Answer the following questions.

1. How many drugs are represented in the file?
2. What is the largest number of key/value (or name/value) pairs for any drug in the file?
3. The `effective_time` is recorded for each drug as a date in the format `yyyymmdd`, for example, June 1, 1992 would be recorded as `19920601`. What is the earliest recorded date?

In [None]:
# Put your code to answer the question here

### Answer 6
Write your answer here if not printed above

### Question 7 (6 points)

Below we use the Pandas `read_json` function to import the `FDADrugLabel.json` file into a Pandas dataframe `label_df`.

In [None]:
# Run but do not modify this code
import pandas as pd
label_df = pd.read_json("FDADrugLabel.json")
label_df.head()

Use the dataframe to answer the following questions. 

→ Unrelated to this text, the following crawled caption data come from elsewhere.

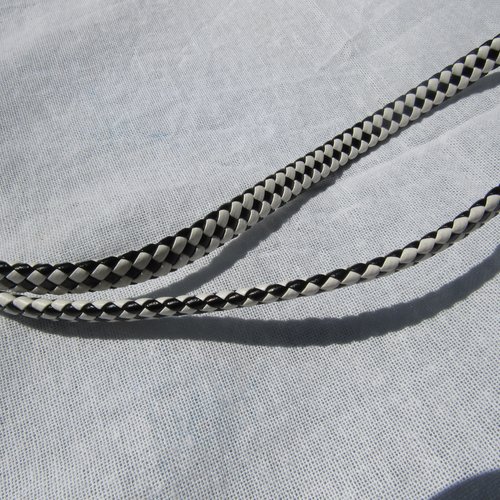 Cordon simili cuir tressé noir et blanc en 50 cm x 10 mm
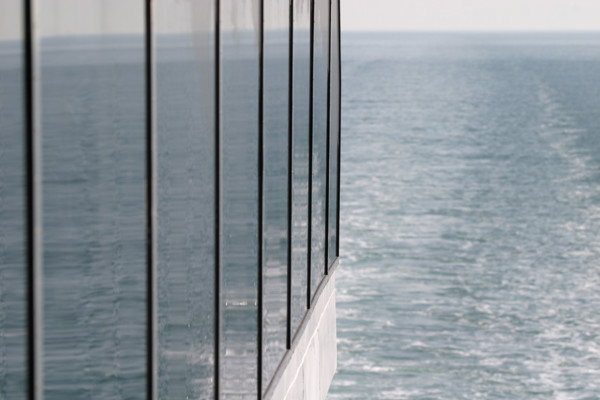 France, Haute Normandie, au large de la cote d'albatre, mer Manche, effet de reflet sur le ferry seven sisters de transmanche ferries,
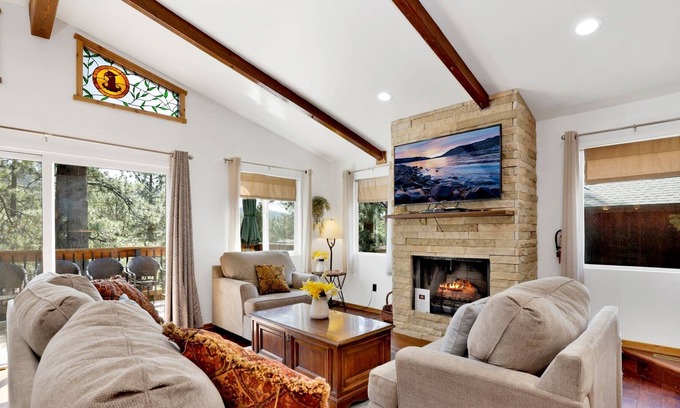 Moonridge Cabina | 1914-sequoia Retreat 4 Bedroom Home by RedAwning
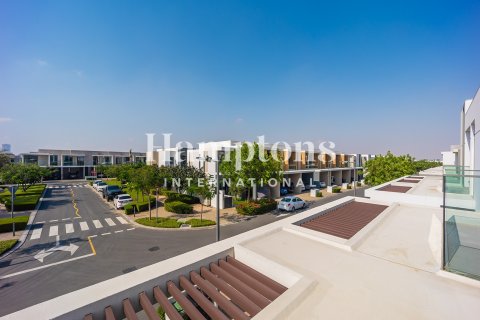 טאונהאוס להשכרה ב Arabian Ranches 3, Dubai, איחוד האמירויות  3 חדרי שינה, 144.83577700 מ"ר, מספר 699403 - תמונה 4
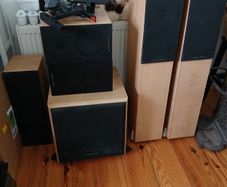 Mordaunt-short speakers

1. What happens if you call `label_df.dropna()` (with no optional parameters) to remove the null values? Why? 
2. Which of `label_df`'s columns contains data for every row? You might answer this using the `label_df.dropna()` method to keep all of the rows but remove any of the columns that have any missing data, but do not modify the `label_df` dataframe itself. 
3. Filter the dataframe to the rows that are missing data for `active_ingredient`, then show those rows (if `my_view` is a dataframe view you have computed by filtering the data, you can simply put `my_view` as the last line of a cell and run it to get a tabular rendering of the rows in Jupyter). You may find the Pandas `isnull` method useful, you can see it's [documentation here](https://pandas.pydata.org/pandas-docs/stable/reference/api/pandas.isnull.html).

In [None]:
# Put your code to answer the question here

### Answer 7
Write your answer here if not printed above

For item 1, calling `label_df.dropna()` returns a dataframe with no rows, i.e., with all of the data removed. This happens because the default is for `dropna()` to drop every *row* containing *any* missing data, and each row in the `label_df` dataframe has at least one piece of missing data.